|
Submitted by Assigned_Reviewer_17 Q1: Comments to author(s). First provide a summary of the paper, and then address the following criteria: Quality, clarity, originality and significance. (For detailed reviewing guidelines, see http://nips.cc/PaperInformation/ReviewerInstructions)
The authors propose to formalize "the notion that the ranking function depends only on the object features, and not the order in which the documents are presented." This is a good idea, but the proposed notion of exchangeability is too strict in my opinion: we can capture the intended notion without the strict equality in eqn 1 and 2. We just want the order of the scores to be preserved, not their exact values. In terms of clarity, there are sections that are quite unclear, as pointed out below.
You should define symmetric function in the proof of Thm 3.2.
You should define p in Def 3.9. You probably don't mean to use p on both sides of the equality.
In Thm 3.11, it's not clear what values \theta takes.
In Thm 3.10, it's not clear what is meant by the integral over \theta, when later it says that \theta is a random variable. Q2: Please summarize your review in 1-2 sentences
The idea is good, but this paper is not clear enough in its main result (Thm 3.11).
After author feedback: I realize that 3.10 is not the main result: I meant 3.11. The same criticism remains unaddressed in your rebuttal: what do you mean by the integral over \theta, when you say elsewhere that \theta is a real-valued random variable. Submitted by Assigned_Reviewer_30 Q1: Comments to author(s). First provide a summary of the paper, and then address the following criteria: Quality, clarity, originality and significance. (For detailed reviewing guidelines, see http://nips.cc/PaperInformation/ReviewerInstructions)
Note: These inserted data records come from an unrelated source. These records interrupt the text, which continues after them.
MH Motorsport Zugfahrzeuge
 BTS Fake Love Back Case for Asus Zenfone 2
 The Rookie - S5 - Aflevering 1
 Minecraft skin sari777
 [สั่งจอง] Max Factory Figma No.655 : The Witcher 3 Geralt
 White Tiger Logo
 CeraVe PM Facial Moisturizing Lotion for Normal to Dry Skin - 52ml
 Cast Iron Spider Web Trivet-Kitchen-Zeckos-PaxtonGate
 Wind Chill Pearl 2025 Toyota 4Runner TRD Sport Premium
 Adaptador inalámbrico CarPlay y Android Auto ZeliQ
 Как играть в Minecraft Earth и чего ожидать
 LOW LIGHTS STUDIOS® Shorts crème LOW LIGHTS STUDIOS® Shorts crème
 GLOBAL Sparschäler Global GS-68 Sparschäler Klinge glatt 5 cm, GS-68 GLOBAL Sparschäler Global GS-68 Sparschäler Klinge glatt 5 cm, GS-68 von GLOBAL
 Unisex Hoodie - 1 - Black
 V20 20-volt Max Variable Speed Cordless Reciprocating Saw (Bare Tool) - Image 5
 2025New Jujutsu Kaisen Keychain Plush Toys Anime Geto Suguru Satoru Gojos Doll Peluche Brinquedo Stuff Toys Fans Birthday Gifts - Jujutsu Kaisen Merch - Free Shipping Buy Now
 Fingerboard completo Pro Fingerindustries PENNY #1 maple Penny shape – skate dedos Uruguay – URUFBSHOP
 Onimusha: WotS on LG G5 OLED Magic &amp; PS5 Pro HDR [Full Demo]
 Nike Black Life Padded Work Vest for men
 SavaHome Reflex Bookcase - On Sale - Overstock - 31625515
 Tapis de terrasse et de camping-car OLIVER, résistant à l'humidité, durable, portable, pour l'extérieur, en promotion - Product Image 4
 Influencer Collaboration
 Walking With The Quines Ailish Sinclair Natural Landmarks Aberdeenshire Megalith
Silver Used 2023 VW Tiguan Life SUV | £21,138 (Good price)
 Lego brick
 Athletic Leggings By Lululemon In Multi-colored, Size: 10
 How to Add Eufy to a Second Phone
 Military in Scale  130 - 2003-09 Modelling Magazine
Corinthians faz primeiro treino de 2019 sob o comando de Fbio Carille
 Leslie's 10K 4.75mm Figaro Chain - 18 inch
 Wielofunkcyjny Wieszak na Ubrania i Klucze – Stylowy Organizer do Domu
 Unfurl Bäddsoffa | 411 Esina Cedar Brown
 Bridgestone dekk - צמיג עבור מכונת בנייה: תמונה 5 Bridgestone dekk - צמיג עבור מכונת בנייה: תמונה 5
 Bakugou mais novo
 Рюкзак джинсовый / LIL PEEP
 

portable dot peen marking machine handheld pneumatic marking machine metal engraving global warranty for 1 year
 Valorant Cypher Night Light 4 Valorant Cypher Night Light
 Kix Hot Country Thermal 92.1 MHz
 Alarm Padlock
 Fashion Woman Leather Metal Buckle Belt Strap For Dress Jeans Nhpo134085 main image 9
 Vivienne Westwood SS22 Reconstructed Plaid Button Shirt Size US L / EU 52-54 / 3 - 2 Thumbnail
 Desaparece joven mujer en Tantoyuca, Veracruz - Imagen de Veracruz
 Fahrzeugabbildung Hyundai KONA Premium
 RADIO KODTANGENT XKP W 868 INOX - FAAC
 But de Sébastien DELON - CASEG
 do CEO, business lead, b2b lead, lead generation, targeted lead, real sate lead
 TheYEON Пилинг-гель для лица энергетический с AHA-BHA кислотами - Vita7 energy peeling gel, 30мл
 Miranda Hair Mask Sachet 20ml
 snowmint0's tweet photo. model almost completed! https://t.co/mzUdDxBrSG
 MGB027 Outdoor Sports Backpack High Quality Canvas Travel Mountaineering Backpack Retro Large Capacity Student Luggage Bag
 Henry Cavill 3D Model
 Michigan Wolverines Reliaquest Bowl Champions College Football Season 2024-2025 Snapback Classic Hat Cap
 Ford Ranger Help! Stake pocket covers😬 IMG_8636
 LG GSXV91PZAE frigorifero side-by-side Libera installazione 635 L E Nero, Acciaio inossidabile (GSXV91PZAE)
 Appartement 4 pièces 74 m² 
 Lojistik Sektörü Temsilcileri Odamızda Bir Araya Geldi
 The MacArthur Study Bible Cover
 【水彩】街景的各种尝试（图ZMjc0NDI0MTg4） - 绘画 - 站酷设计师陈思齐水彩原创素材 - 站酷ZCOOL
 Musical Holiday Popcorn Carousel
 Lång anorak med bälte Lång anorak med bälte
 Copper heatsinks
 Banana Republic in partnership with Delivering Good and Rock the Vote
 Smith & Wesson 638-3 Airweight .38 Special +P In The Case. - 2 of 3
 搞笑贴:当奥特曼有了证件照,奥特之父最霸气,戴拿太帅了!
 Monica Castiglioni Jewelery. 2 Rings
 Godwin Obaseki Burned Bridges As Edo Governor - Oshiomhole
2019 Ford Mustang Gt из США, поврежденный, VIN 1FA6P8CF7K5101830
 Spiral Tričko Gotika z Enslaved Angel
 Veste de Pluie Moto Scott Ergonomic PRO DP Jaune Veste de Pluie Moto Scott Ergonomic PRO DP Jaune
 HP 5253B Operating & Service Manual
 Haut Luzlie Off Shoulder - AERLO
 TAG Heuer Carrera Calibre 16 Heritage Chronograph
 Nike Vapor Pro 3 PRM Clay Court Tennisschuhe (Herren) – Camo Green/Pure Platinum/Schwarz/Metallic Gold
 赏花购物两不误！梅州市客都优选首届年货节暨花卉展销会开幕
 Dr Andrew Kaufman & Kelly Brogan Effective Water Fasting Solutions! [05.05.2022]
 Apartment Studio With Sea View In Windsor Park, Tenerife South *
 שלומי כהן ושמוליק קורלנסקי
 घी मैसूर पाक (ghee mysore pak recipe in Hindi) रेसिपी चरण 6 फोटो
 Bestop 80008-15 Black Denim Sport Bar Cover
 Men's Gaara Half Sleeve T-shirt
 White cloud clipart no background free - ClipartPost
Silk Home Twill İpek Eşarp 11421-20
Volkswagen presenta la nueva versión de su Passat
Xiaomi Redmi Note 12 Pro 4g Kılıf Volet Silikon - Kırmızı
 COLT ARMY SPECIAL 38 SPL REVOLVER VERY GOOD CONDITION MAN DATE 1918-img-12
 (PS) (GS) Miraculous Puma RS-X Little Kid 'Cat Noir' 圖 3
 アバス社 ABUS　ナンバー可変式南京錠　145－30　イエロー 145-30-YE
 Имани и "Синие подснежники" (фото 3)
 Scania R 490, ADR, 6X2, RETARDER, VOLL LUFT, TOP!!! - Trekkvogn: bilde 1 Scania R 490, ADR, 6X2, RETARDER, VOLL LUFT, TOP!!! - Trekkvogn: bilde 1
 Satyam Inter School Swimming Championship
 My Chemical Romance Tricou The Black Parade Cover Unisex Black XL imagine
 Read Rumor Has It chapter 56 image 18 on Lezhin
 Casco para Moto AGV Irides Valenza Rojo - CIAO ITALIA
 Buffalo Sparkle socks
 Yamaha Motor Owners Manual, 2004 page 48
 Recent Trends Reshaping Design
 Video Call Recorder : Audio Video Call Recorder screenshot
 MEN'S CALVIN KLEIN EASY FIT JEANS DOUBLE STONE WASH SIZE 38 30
The paper considers settings where the goal is to learn a permutation-valued function, such as in subset ranking/information retrieval applications. Specifically, it focuses on settings where one learns a vector-valued function that assigns a real-valued score to each document and then sorts the objects according to these scores. E.g. if there are m objects to rank, represented as m feature vectors x_1, …, x_m, then one frequently learns a weight vector w and sorts the objects according to scores w.x_1, …, w.x_m. The paper refers to this as a "pointwise" approach, since the score assigned to x_i does not depend on the feature vectors for the remaining objects x_j, and advocates learning directly a function that collectively maps m feature vectors x_1,…,x_m to m scores s_1,…,s_m.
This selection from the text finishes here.